As a coach, what does success look like? How do you want your players, your coaching staff, your parents to view success?  What is a successful season?  The answer to this question is different for coaches, but it is the question that is of crucial importance.  I believe that many coaches do not define success; they do not invest the time to think about what success means and looks like for their program, they are not intentional and purposeful about their coaching philosophy.  Many coaches confuse success with goals.  Most coaches are great at goal setting – Win a championship, make the playoffs, score more goals than the other team, etc.  Goal setting is a good thing, but if you do not have the foundation and understanding of what success looks like, you have done your players a disservice.  Goal setting is getting your players to chop down trees, understanding what success looks like is making sure your players are in the right forest.  Here is my advice that will hopefully help you define success for your program.  This is not a quick process, take your time and be intentional.  This has helped me and it is important to revisit regularly

1.    From the end we find our beginning – When your players and coaches walk away at the end of the season, what do you want them to take with them?  What knowledge? What values? What principles? When you take time to answer these questions hopefully you will arrive at the fact that you are teaching more than winning or losing.  You, as a coach, are teaching life.  You are teaching kids how to work as a team, how to communicate effectively, the benefits of hard work and discipline, how to handle adversity, etc.  These principles and life lessons will serve your team infinitely more than winning a championship.
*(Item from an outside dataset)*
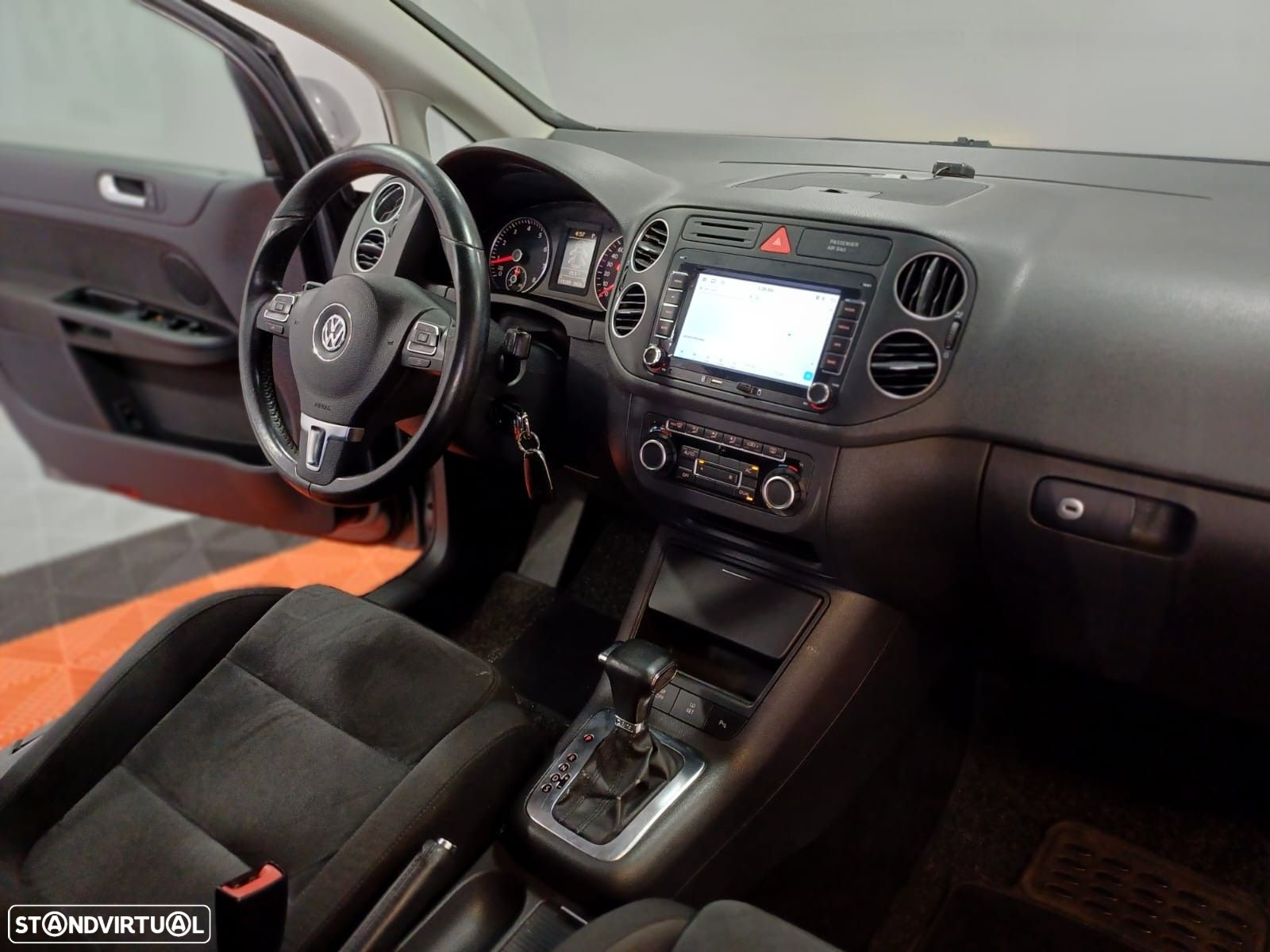 VW Golf - 21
2.   Experience is the best teacher – Think about your coaches, teachers and mentors.  What did they teach you that is worthy of paying forward? What did you learn from them that you would do differently?

3.   Process not outcome – In our culture we measure success by wins.  As an athlete, I know that in order to have a championship season you need a lot of luck and a solid foundation.  A couple of pipes here or there and a season can turnout completely different.  Focus on the process.  How can you structure your practice in such a way that you are teaching success everyday?  The process is and always will be more important than the outcome.  Focus your energy here, it is the one thing you can control.
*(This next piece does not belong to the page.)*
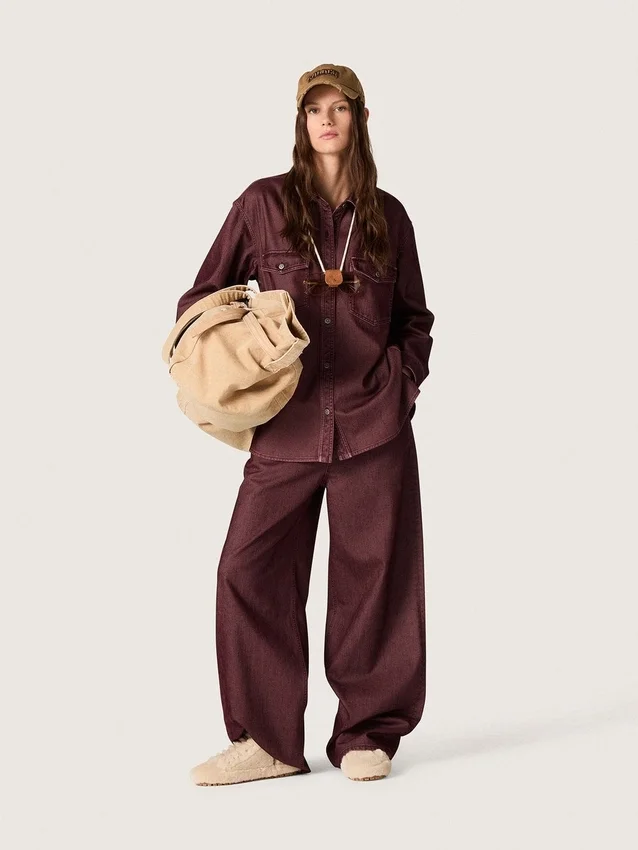 Women's shirt in burgundy denim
4.   Communicate – Tell your coaches, tell your players, tell you parents. And then tell them again. And again.  And again.  Tell them what a successful season looks like to you, what is important and why.

5.   Practice what you preach – All eyes are on you as a coach whether you like it or not.  It comes with the territory.  Nothing undermines trust as fast as a hypocrite.  Kids are very perceptive.  Your actions must reflect your words.  If you make a mistake along the way, which if you are honest with yourself this will happen (guess what? You are human), admit it and move on.  Do not pretend like it did not happen.  Ask your staff to keep you honest.  Ask them if you are walking the walk.  If you believe it, live it and kids will follow your example.

This helps me as a coach, player and person and I hope it helps you, your athletes and your program. It is important to revisit at the beginning of every season.  Take the time to make sure you are in the right forest before you start chopping trees!